Begin at the line containing "Abolition Shirt Cute" in the records below, end at the line containing "How to Become Wife Material", and retype each line in that span exactly. No other line and no image should appear.

● **MATERIAL PROVIDED**:
● ● ● ● ●
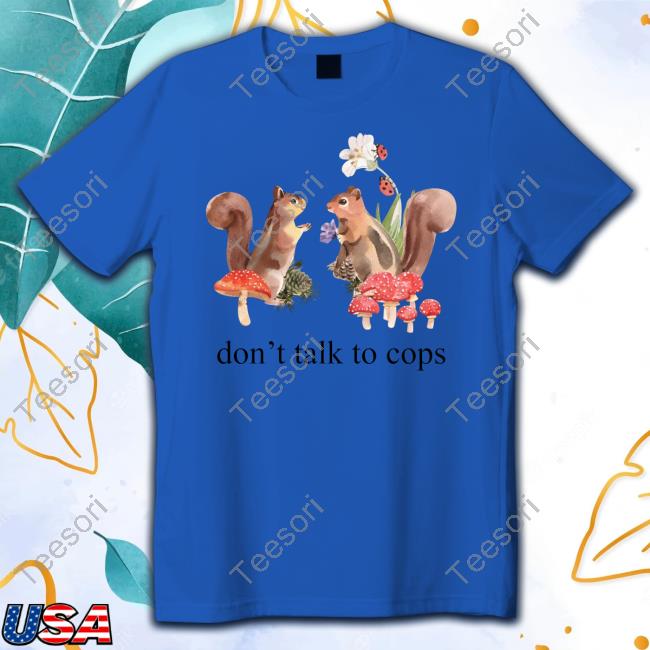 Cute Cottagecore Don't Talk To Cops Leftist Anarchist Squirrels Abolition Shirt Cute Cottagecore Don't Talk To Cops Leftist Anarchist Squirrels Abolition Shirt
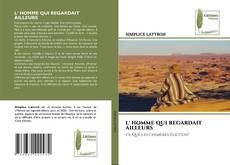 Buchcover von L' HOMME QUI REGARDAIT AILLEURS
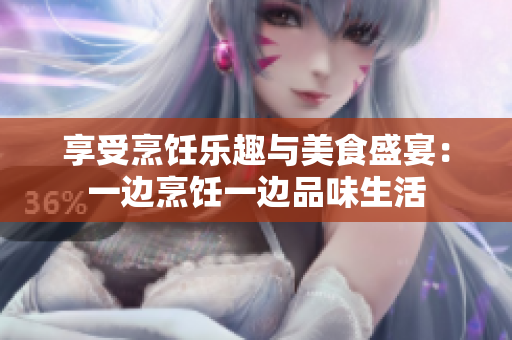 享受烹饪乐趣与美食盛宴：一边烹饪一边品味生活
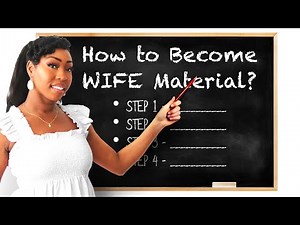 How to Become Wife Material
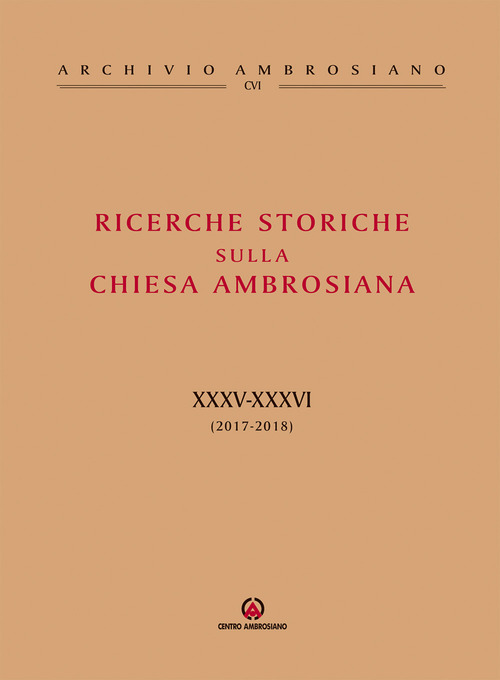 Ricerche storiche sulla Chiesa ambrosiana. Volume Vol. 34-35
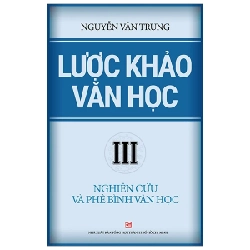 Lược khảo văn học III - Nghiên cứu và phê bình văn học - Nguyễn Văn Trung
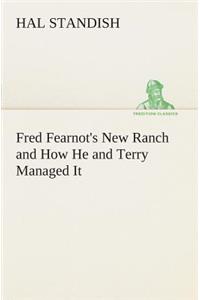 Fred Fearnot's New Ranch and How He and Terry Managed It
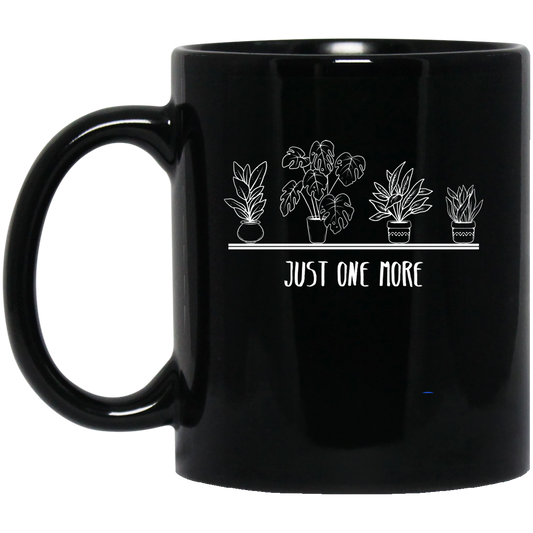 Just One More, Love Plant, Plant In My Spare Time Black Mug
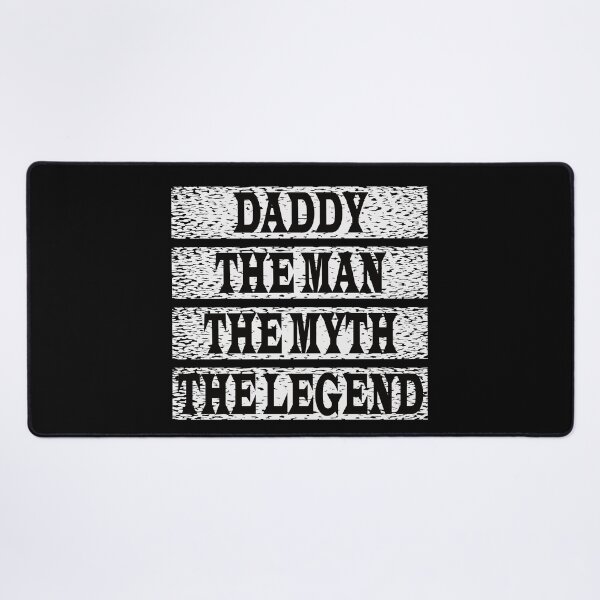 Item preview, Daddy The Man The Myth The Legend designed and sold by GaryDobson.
● ● ● ● ●
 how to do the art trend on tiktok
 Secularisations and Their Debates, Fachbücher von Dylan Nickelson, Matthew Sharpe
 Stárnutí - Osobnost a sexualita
● ● ● ● ●
● **ANSWER FOR THIS EXERCISE**:
 Cute Cottagecore Don't Talk To Cops Leftist Anarchist Squirrels Abolition Shirt Cute Cottagecore Don't Talk To Cops Leftist Anarchist Squirrels Abolition Shirt
 Buchcover von L' HOMME QUI REGARDAIT AILLEURS
 享受烹饪乐趣与美食盛宴：一边烹饪一边品味生活
 How to Become Wife Material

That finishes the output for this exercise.